Mit MMS lassen sich Text, Bild, Foto, Animation und Sprache kombinieren.

(Foto: Foto: Telefonaktiebolaget L M Ericsson)

Nokia hat es schon vor Jahren vorgemacht und spendierte seiner Modellreihe einen erweiterten SMS-Dienst, das "Smart Messaging": Die 160-Zeichen-Grenze wurde gesprengt, das Versenden von Visitenkarten, Klingeltönen, Logos und grob gepixelten schwarz-weiß Bildchen möglich - wenn auch nur von einem zum anderen Nokia-Handy. "Smart Messaging" wurde zum Kassenschlager.

Viel zu spät hat die Konkurrenz erkannt, dass Nokias "Smart Messaging" ihnen vor allem junge Kunden wegschnappt - in dieser Zielgruppe ist der aufgepeppte SMS-Dienst am populärsten. Jetzt wollen Alcatel, Sony Ericsson, Siemens und Motorola aufholen: Sie statten ihre aktuellen Mobiltelefon-Reihen mit dem neuen EMS-Standard (Enhanced Messaging System) aus, mit dem farbige Bilder, Melodien und sogar kleine Animationen via Kurzmitteilung übertragen werden können. Der Clou: Eine eigene Netz-Infrastruktur benötigt EMS nicht, es nutzt die alte SMS-Hardware.

Nur aus Verlegenheit

Nokia boykottiert als einziger großer Hersteller die junge EMS-Allianz. "Wir haben allein im letzten Jahr 128 Millionen Geräte mit Smart Messaging verkauft", sagt Michael Heidemann, Produktmanager bei Nokia. "Unsere Kunden jetzt mit einem neuen, inkompatiblen Standard zu verwirren, wäre unsinnig." Außerdem denke der Marktprimus schon einen Schritt weiter. Er will im zweiten Quartal mit dem "Nokia 7650" das erste Handy mit dem "Multimedia MessagingSystem" (MMS) auf den Markt bringen, das vom Standardisierungs-Gremium 3GPP und vom WAP-Forum als Norm abgesegnet wurde.

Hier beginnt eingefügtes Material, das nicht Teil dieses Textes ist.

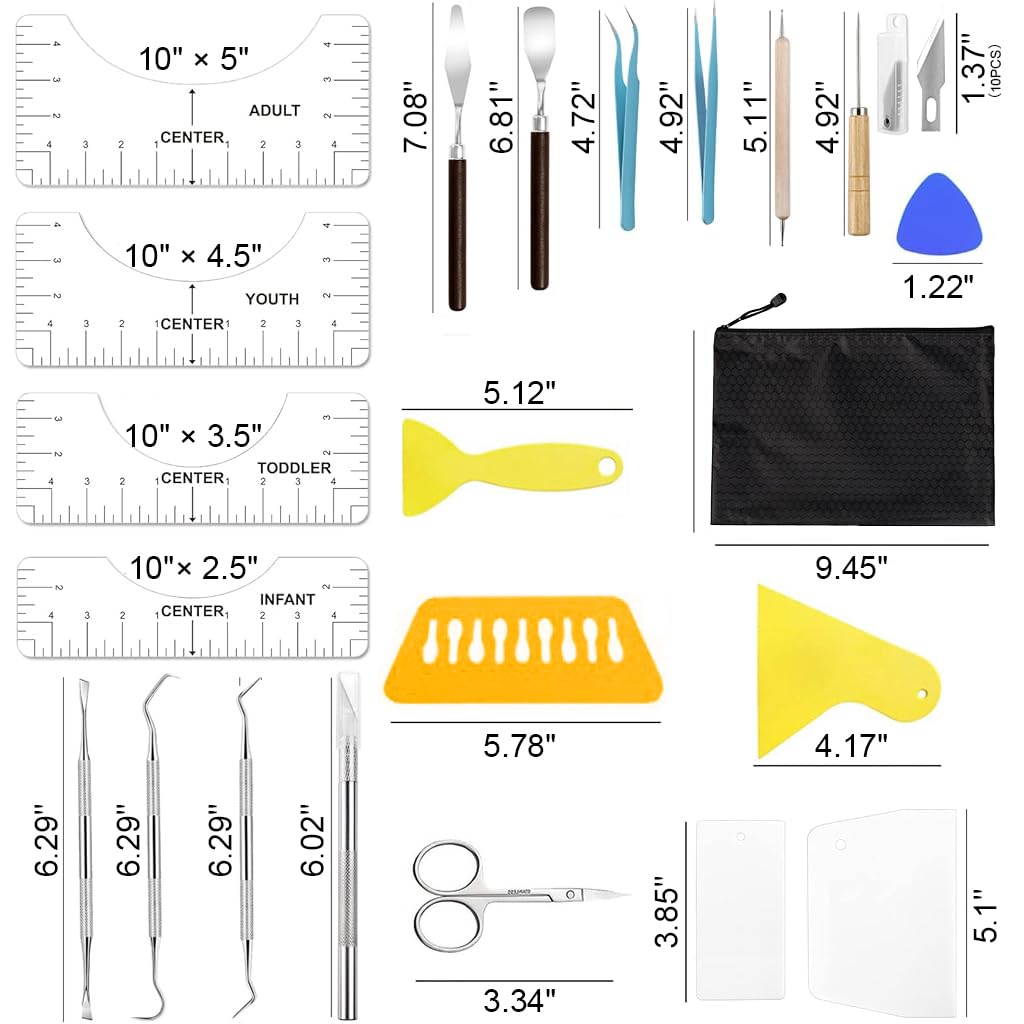 HASTHIP Utility Tool Pack Versatile DIY Tool Kit Set of 33Pcs DIY Heat Transfer Printing Tool Bag T-Shirt Collar Ruler Guides Home Utility Tool Pack for Art, DIY Crafting, Gardening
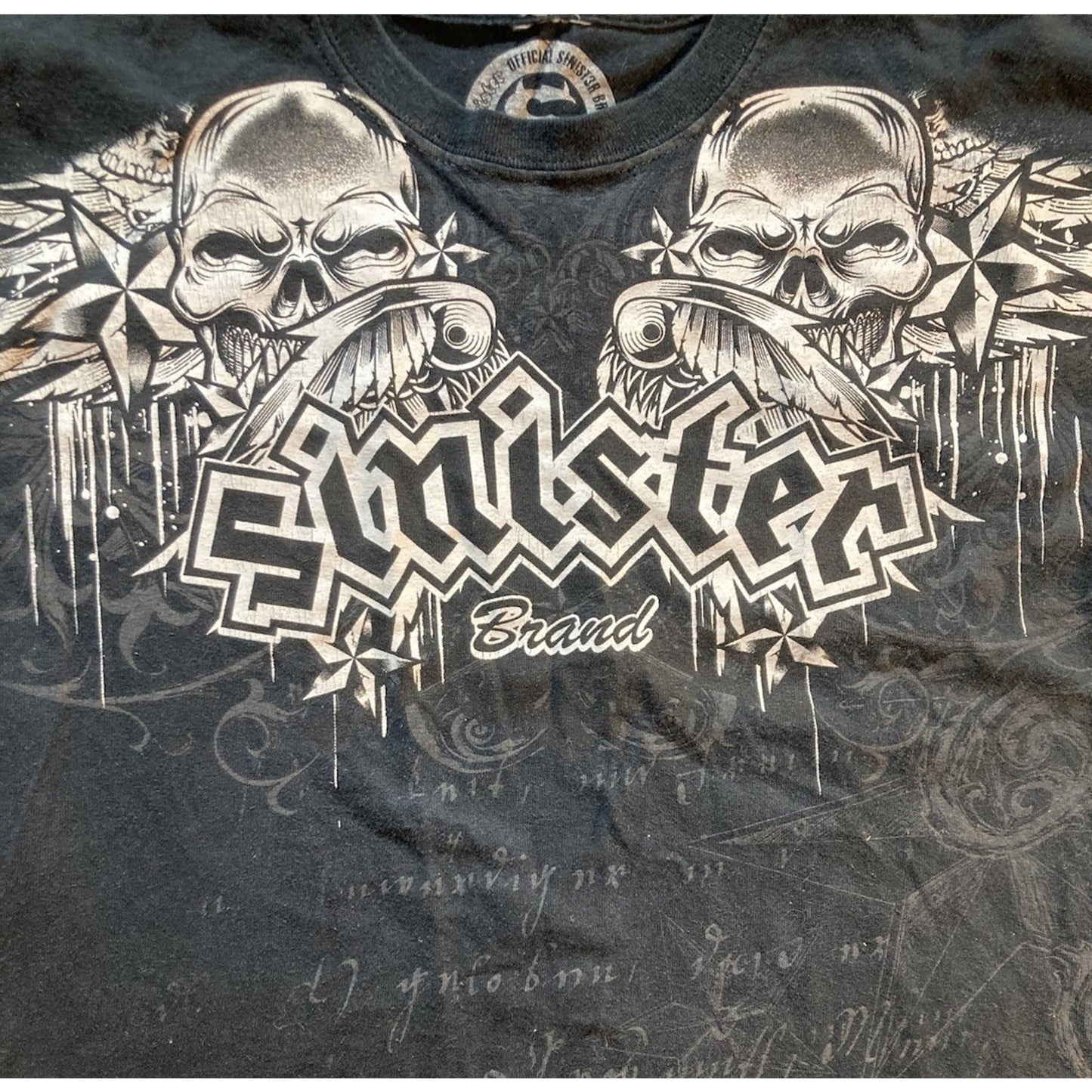 Y2K Sinister Brand Skulls And Stars Shirt Mens Small Afflicted Type Gothic Biker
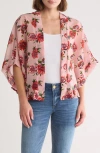 Bcbgeneration Rose Print Cardigan In Pink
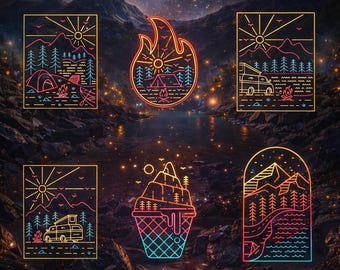 Retro Camping Line Art Bundle, Neon Outdoor Adventure Designs, Campfire RV Cabin Forest PNG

Weil alle großen Hersteller in diesen Gremien vertreten sind, werde MMS "sowieso zum Mitteilungsstandard der dritten Mobilfunkgeneration", meint Heidemann. Er ermöglicht das Übertragen von Grafiken in Fotoqualität, Melodien, Animationen und bei künftigen Modellen sogar von Video-Streams in Echtzeit. Mit einer eingebauten Digitalkamera und Farbdisplay zeigt das "Nokia 7650" gleich, was mit MMS möglich ist - etwa das Verschicken von Urlaubs-Schnappschüssen in Sekundenschnelle.

Das klingt zwar viel versprechend, die ersten Käufer des "Nokia 7650" werden aber wohl trotzdem enttäuscht sein. Denn damit MMS funktioniert, müssen erst noch die Mobilfunk-Gesellschaften ihre Netze fit dafür machen. Und das wird dauern: T-Mobil und Viag Interkom etwa wollen erst Ende des Jahres so weit sein. Vodafone peilt immerhin schon den Sommer an.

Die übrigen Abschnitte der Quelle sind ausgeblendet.